Sometimes rather than knowing the highest or lowest point it is important to know the highest or lowest point under certain constraints. For example knowing the highest point of the mountain is unimportant if your hike does not take you over the mountain’s highest point. Instead it is interesting to know the highest point on the mountain (surface) that is also on your path (constraint).
Subsection2.7.1Derivation
If you are unfamiliar with contour maps such as topographical maps, you may wish to learn about them before trying Activity 44
Activity44.
We begin to derive a method for determining constrained extrema by considering what should be happening on the curve in the surface at its highest and lowest points.
Guido is walking along the path marked in gray in Figure 2.7.1. The map is a contour map with approximate heights listed. We want to know when Guido is at the highest and lowest altitudes on his path.
In these questions an extreme altitude refers to a maximum or minimum altitude that is on Guido’s path.
(a)
Could he have been at an extreme altitude anywhere his path crosses from red to orange?
(b)
Could he have been at an extreme altitude anywhere his path crosses from orange to yellow?
(c)
Could he have been at an extreme altitude anywhere his path changes from gray to black?
(d)
Could a high or low occur where some contour line is crossed?
(e)
Where could a high or low on a path occur?
The problems above illustrate where extrema on a surface can occur when constrained by a curve. The next problems illustrate two means for calculating these constrained surface extrema.

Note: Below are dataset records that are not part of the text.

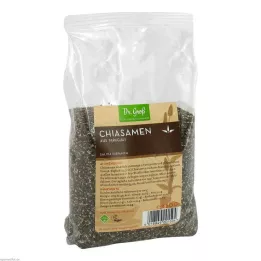 CHIA TOHUMLAR, 450 gr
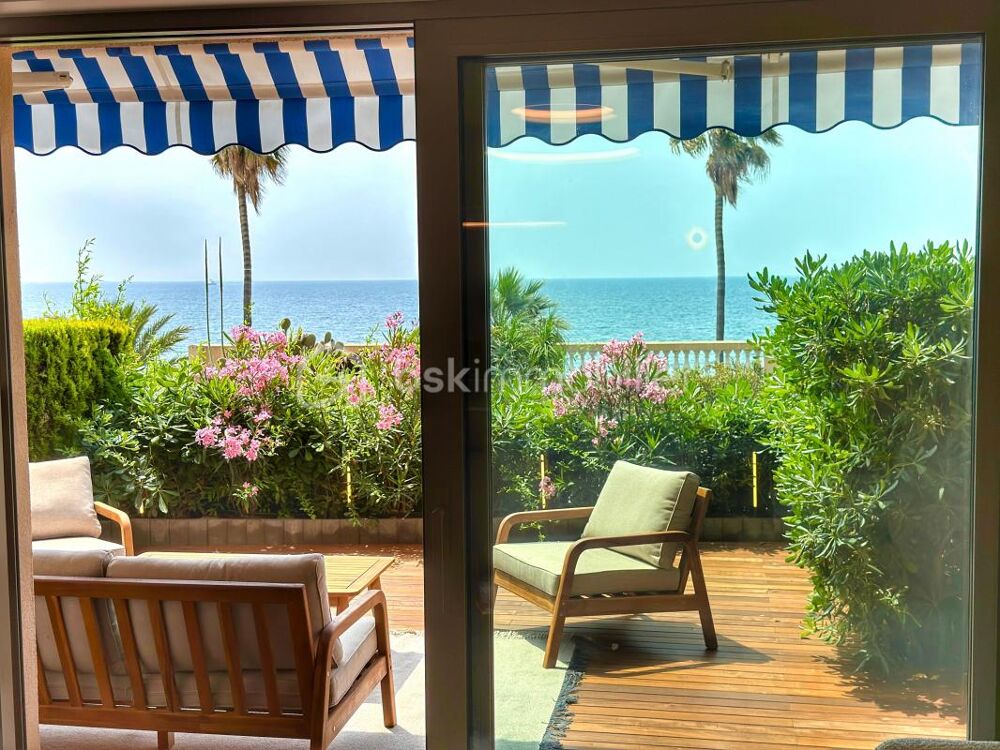  vendre  Appartement Cannes (06400)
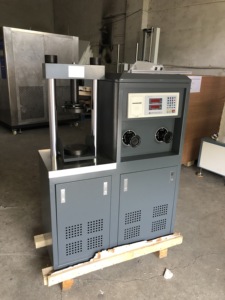 <strong>Lab</strong> Manual <strong>Compression</strong> <strong>Testing</strong> <strong>Machine</strong> Bricks Compressive Strength Concrete Equipment - Product Image 4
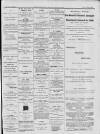 Bexhill-on-Sea Chronicle Saturday 02 February 1889 Page 7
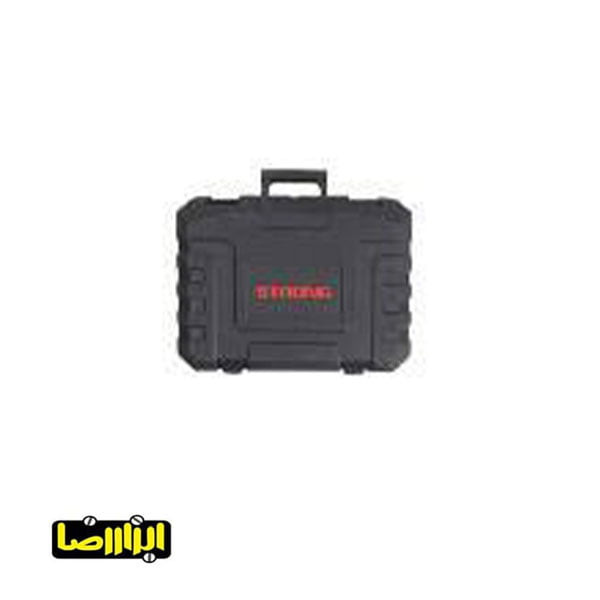 چکش تخریب استرانگ 7 کیلویی مدل STG17810 مدل 1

The max and min temperature question in Section 2.5 demonstrated one means for calculating extrema along a curve on a surface by parameterizing the curve and using single variate extrema techniques.
Activity45.
The following illustrates a second technique, which is extensible to higher dimensions.
(a)
If a path osculates (barely touches) a contour line what is true of the tangents of both curves there?
(b)
If a path osculates (barely touches) a contour line what is true of the normals of both curves there?
(c)
Remember the following.
(i)
From Calculus 1 what does \(f^\prime(x) \gt 0\) and \(f^\prime(x) \lt 0\) imply about the curve at \(x\text{?}\)
(ii)
Why then does \(f^\prime(x)=0\) at a maximum or minimum?

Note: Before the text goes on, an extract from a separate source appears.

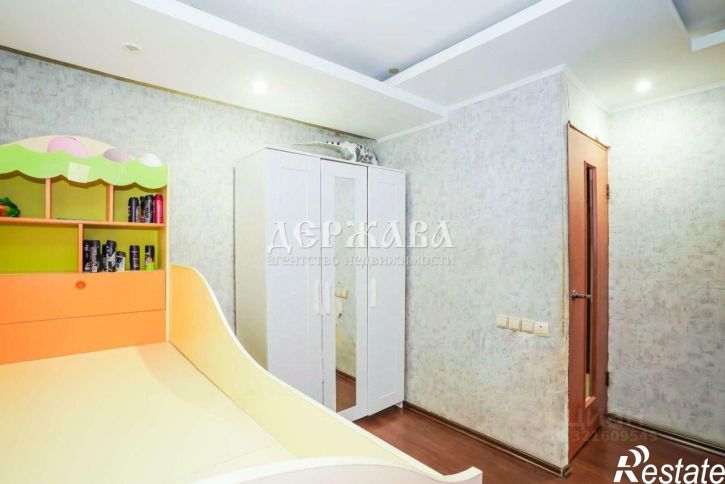 1-комн квартира мкр Жукова, 52,  д. 52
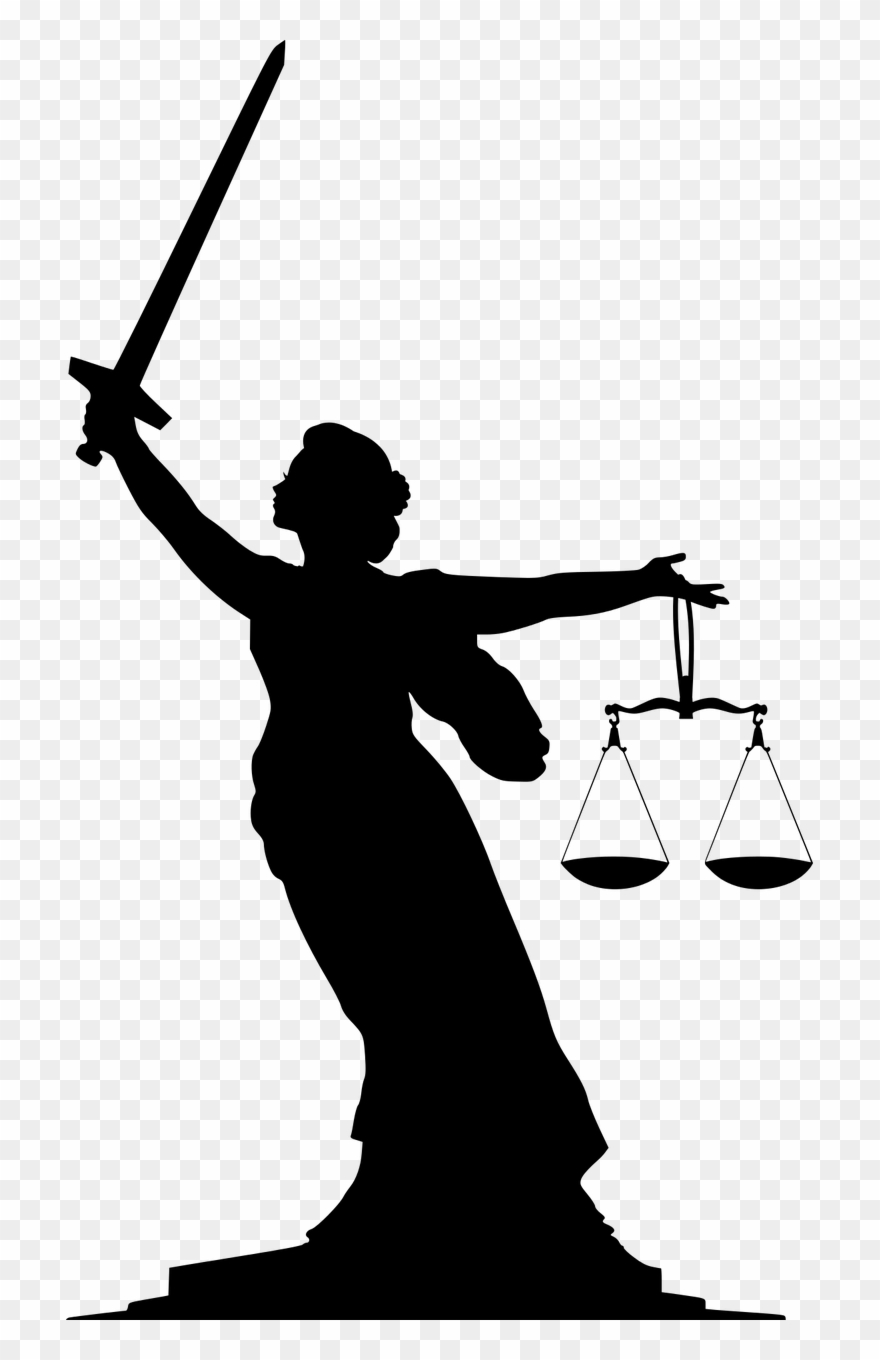 Legal And Lawfirm Clipart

Therefore what is the relation between \(\nabla f\) and the contour lines?
(d)
If \(f(x,y)\) is a surface and \(g(x,y)=k\) is some path, what does \(\nabla f = \lambda \nabla g\) have to do with the above statements?

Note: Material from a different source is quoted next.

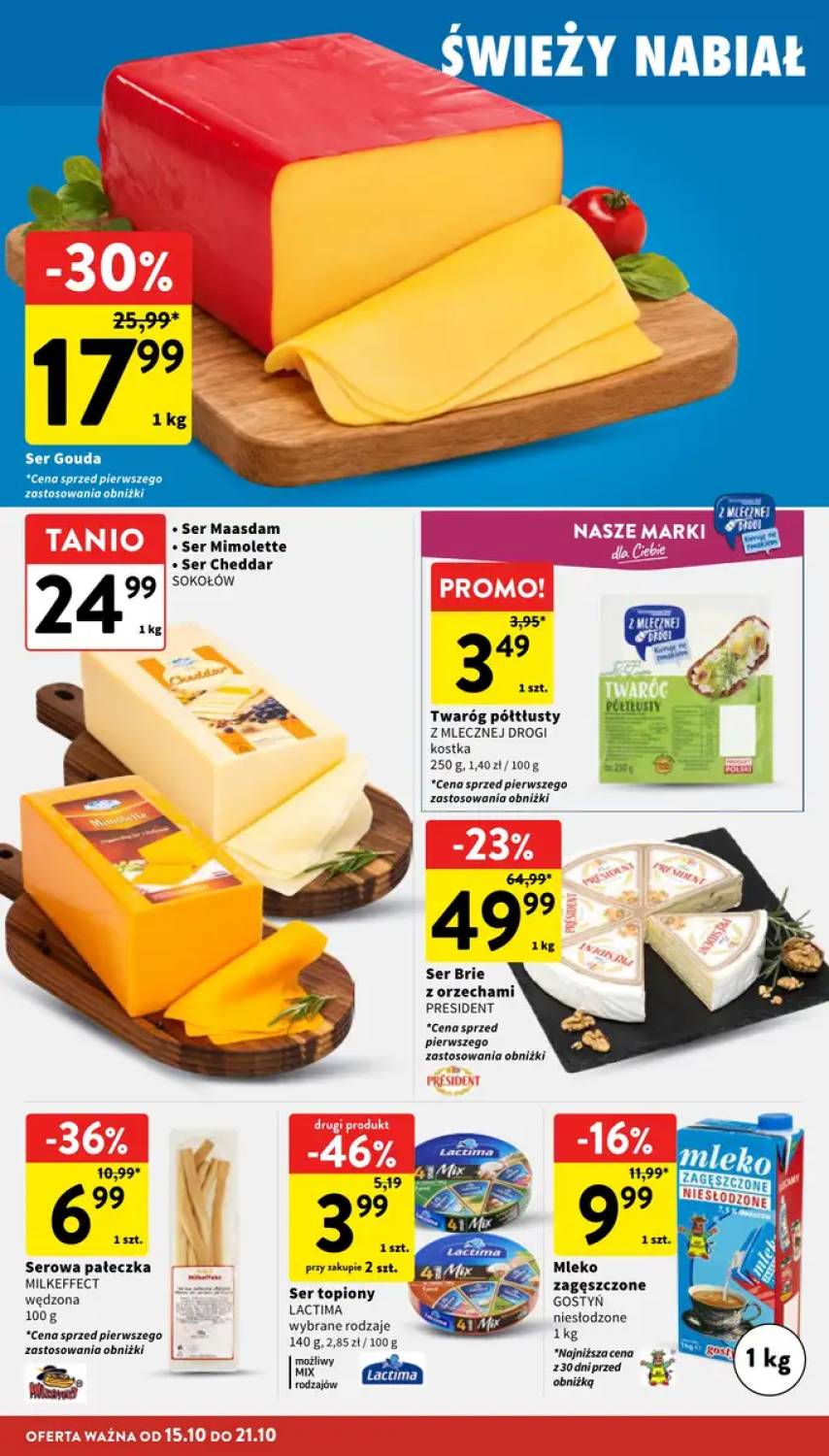 Okładka gazetki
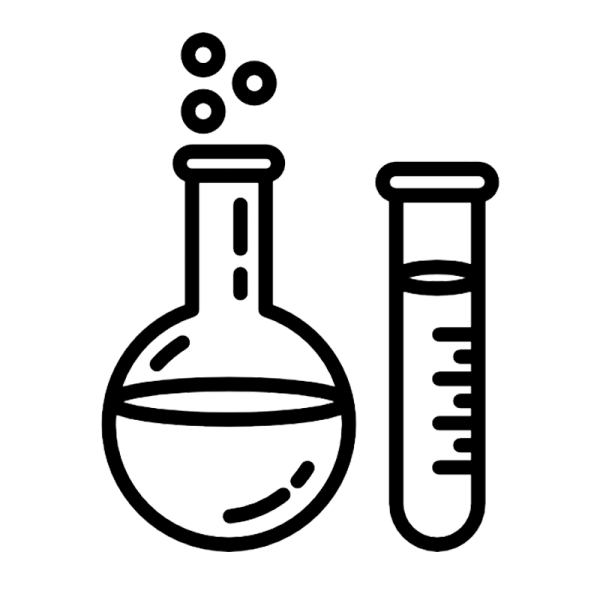 Колбы химические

Note this technique is called Lagrange Multipliers.
(e)
Use the idea above to determine the following. Suppose Guido is walking a path given by \(g(x,y)=x^2+y^2=1.\) If the surface on which he is walking is given by \(f(x,y)=x^2-y^2,\) where is Guido at the highest and lowest altitude?
(f)
Suppose Guido is flying such that his position is always on \(g(x,y,z)=x^2+y^2+z^2=1.\) If the temperature at each point is given by \(f(x,y,z)=2x+4y+6z,\) what is the hottest temperature experienced by Guido?
(g)
Suppose Guido is flying such that his position is always on \(g(x,y,z)=x^2+y^2+z^2=1,\) and Swen is flying such that his position is always on \(h(x,y,z)=x^2-y^2+z^2=1.\) If the temperature at each point is given by \(f(x,y,z)=2x+4y+6z,\) what is the hottest temperature experienced by both pilots?
(h)
Suppose Guido is flying such that his position is always on \(g(x,y,z)=x^2+y^2+z^2=1,\) and Swen is flying such that his position is always on \(h(x,y,z)=x^2+y^2=1.\) If the temperature at each point is given by \(f(x,y,z)=2x+4y+6z,\) what is the hottest temperature experienced by both pilots?